If you asked a theoretical question of an expert in psychology when
behaviorism was dominant, you would likely get a very different answer
than if you asked the same question of a cognitive psychologist.  These
differences are not just a matter of opinion -- the two frameworks can
make contrary experimental predictions.  Behaviorism still exists and
has a sizable number of adherents; the reason why it has not died out
entirely is probably because the kinds of experiments which the two
schools of psychology engage in are disjoint.  Since the practitioners
of the theories rarely examine the same data (or read the same
journals!), the inconsistencies between the theories are rarely on
display.

Laymen can be careful about their reading and try to find out whether a
particular 'expert' believes in a discredited theory, but it really is
difficult to determine whether the currently dominating theory will
eventually be discredited.  I used psychology as an example rather than
physics because I think the current level of the paradigm of strategic
studies is on a par with psychology rather than a hard science,
although physics has certainly undergone many revolutions of its own.
Both psychology and strategic studies are immature fields and are prone
to rapid successions of paradigms.  The interpretation of experts in
the current paradigm requires some judgment on the part of the layman
even though the layman can't possibly appreciate all the data at the
hands of the experts.  The field just isn't well developed enough that
a layman can take the expert's word for granted.  (Milo's brain tumor
analogy is particularly ugly in my experience -- a friend of mine whose
mother had cancer suffered a great deal when the mother listened to an
'expert' and decided to undergo Laetrile 'therapy'.  Experts can be
dangerous.)

So who am I to believe?  Milo or 'frontal lobotomy' Sagan?  It's a
particularly difficult situation when Milo makes completely irrational
attacks on Sagan's purported irrationality.  I've met Teller, although
I've never met Sagan -- but it strikes me that neither would be proud
of a protege who rants on like Milo does in his article.  (I doubt
they would accept a paper with Milo's peculiar spelling, punctuation
and grammar, either; and I always used to think that I could tell a
crank from a scientist by their attention to details.)

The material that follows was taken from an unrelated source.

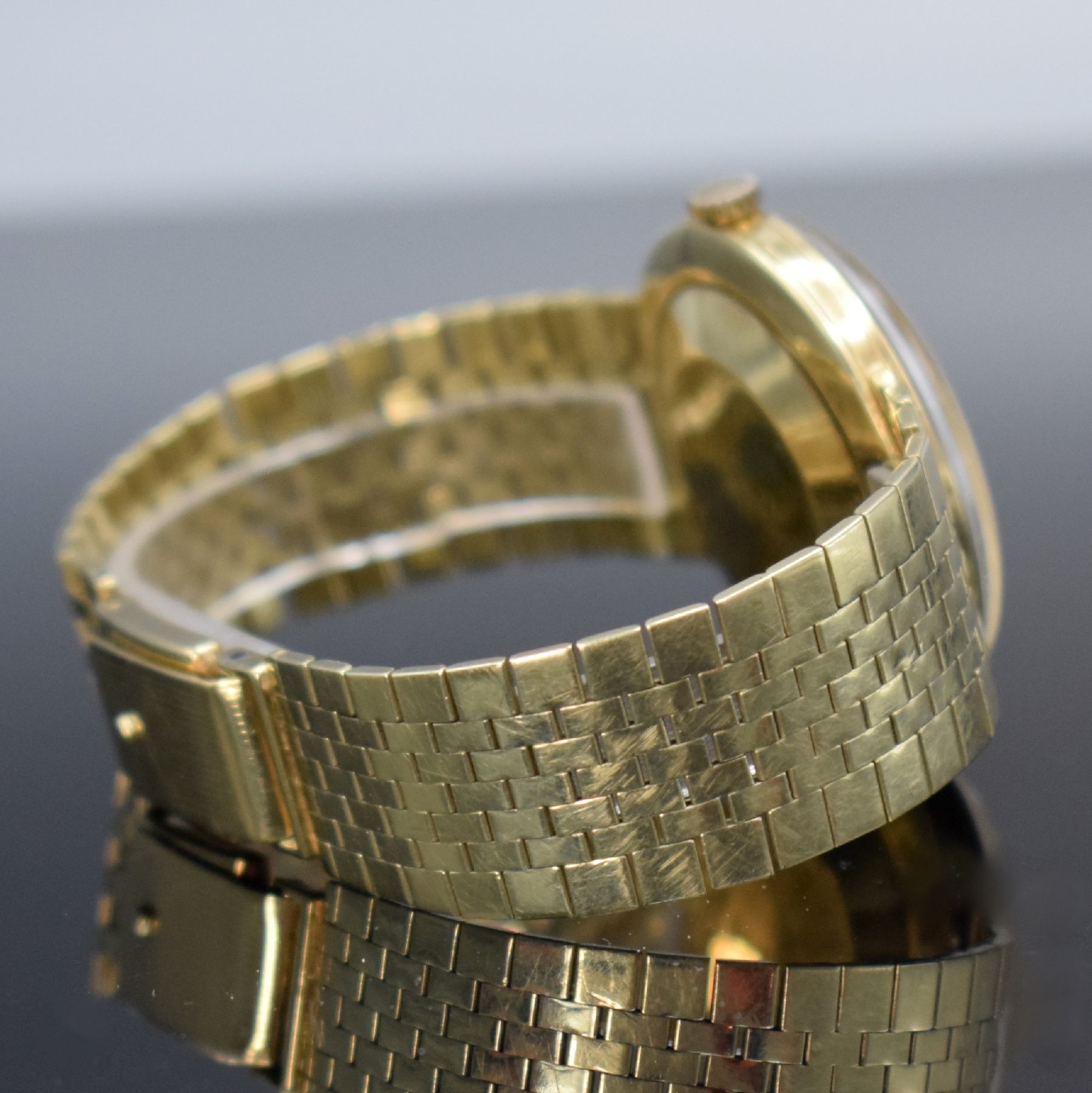 Detail c: HAGO Herrenarmbanduhr in GG 585/000, Deutschland/Schweiz um 1960, Automatik, aufgedr. Boden dell., anges. Goldband, silb. Zifferbl., gold. Zeiger, ...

I'm NOT proclaiming myself to be an expert in strategic studies, but I
have to admit that the only example of competing strategic thinking
which I have been exposed to personally didn't bode well for the
American school.  My father worked on a study of the land reform
project in South Vietnam in the middle 60's, and from discussions with
him and readings of his papers and supporting documentation, I have
come to the conclusion that the Viet Cong were decidedly superior to
the Americans in their planning and organization.  The VC had a
complete strategy for the infiltration, overthrow and control of native
organizations starting as low as the hamlet, and perhaps as low as the
individual family.  Although land reform came under the heading of
'psychological warfare' at Rand and SRI, I've seen no evidence to
suggest that our military strategic apparatus came even remotely close
to countering the VC; the VC undermined and destroyed the land reform
effort with appalling ease.  (I think that part of the problem was in
regarding the land reform program as mere 'psychological warfare' in
the first place...)  Our current experience in Central America does
not make me confident that we have learned any lessons from this.
It's true that our nuclear strategists are not in the same group as
our Vietnam military strategists, but if they are of the same caliber
('the best and the brightest', sigh) then we should all be nervous.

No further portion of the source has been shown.